UGLYVILLE: Writing an Untypical Young Adult Book

My new novella UGLYVILLE has just been released, and, like my debut novel DEAD SIZE, I once again can’t really tell you who the audience is for it. A Young Adult book perhaps… if the young adult is a bit wonky.

While I describe it as a True Crime-inspired (it’s presented as nonfiction, in diary form) Young Adult book, I didn’t consider it a YA story as I was writing it. It falls into that very broad category because its first person narrator Verona Cassidy is a fifteen-year-old girl.

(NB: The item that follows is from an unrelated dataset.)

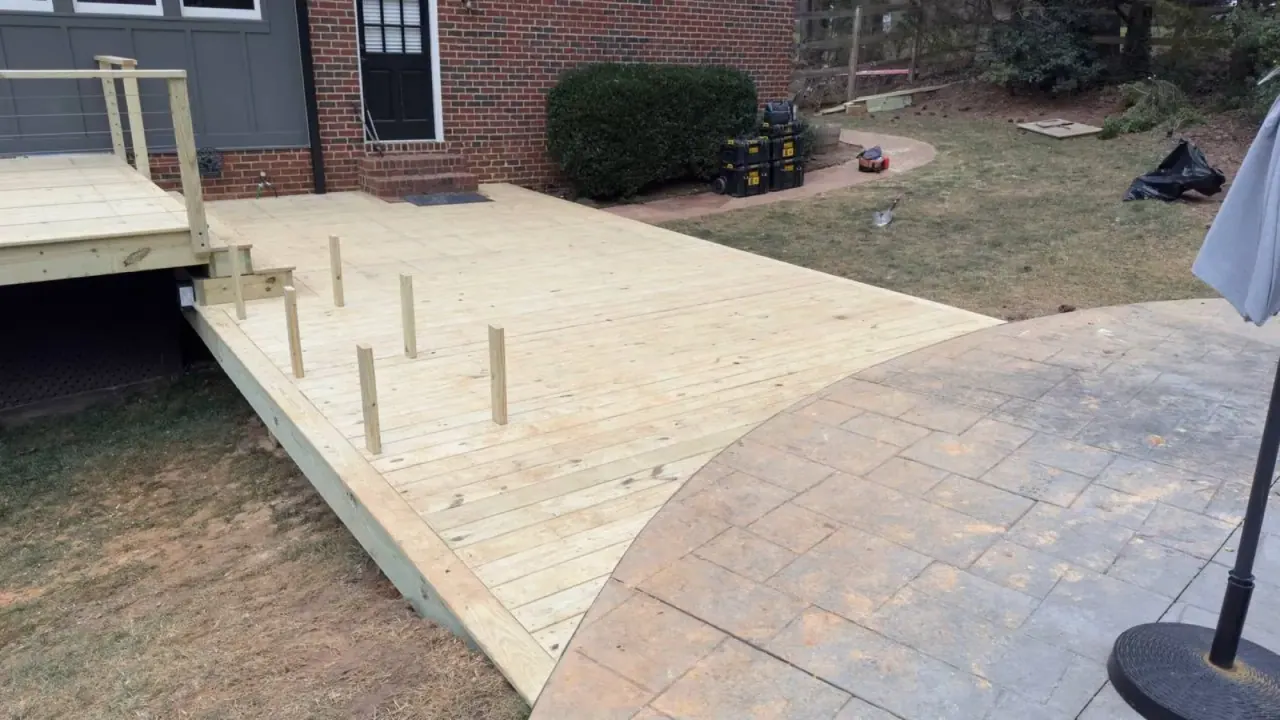 Deck landing meeting a curved paver patio at grade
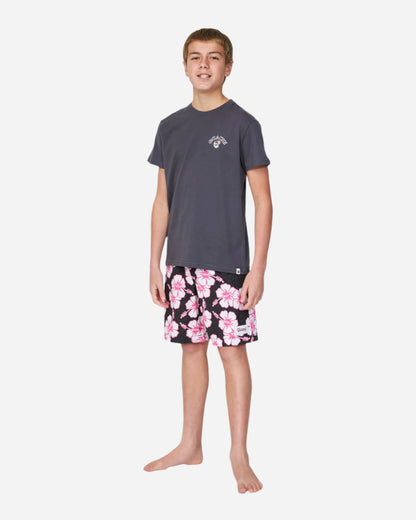 Full body front view of boy in gray shirt paired with the Okanui kids boardrider boardshort in Black Pink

Verona_picbar_credit (good)

The reader, however, quickly discovers that her character is mentally unbalanced and emotionally unstable, hence her often melodramatic journal entries are rather unreliable (at least as far as her perception of events is concerned).

The majority of YA books I’ve come across are fantasy, paranormal, coming-of-age, and romance. I suppose UGLYVILLE could be labelled a coming-of-age romance… about a budding sociopath. The story, while not gory or graphic, has a very dark streak running through its theatrical demonstrations of obsessive passion. I think the book would be better approached as the self-portrait of a disturbed, criminally-developing mind. THE FAULT IN OUR STARS this is not.

So then, what kind of reader will enjoy UGLYVILLE?

Those who appreciate unconventional storytelling, being immersed in the morally-skewed, mono-view world of a damaged and disreputable individual. Verona Cassidy is a case study in abnormal psychology; UGLYVILLE serves as its supporting documentation.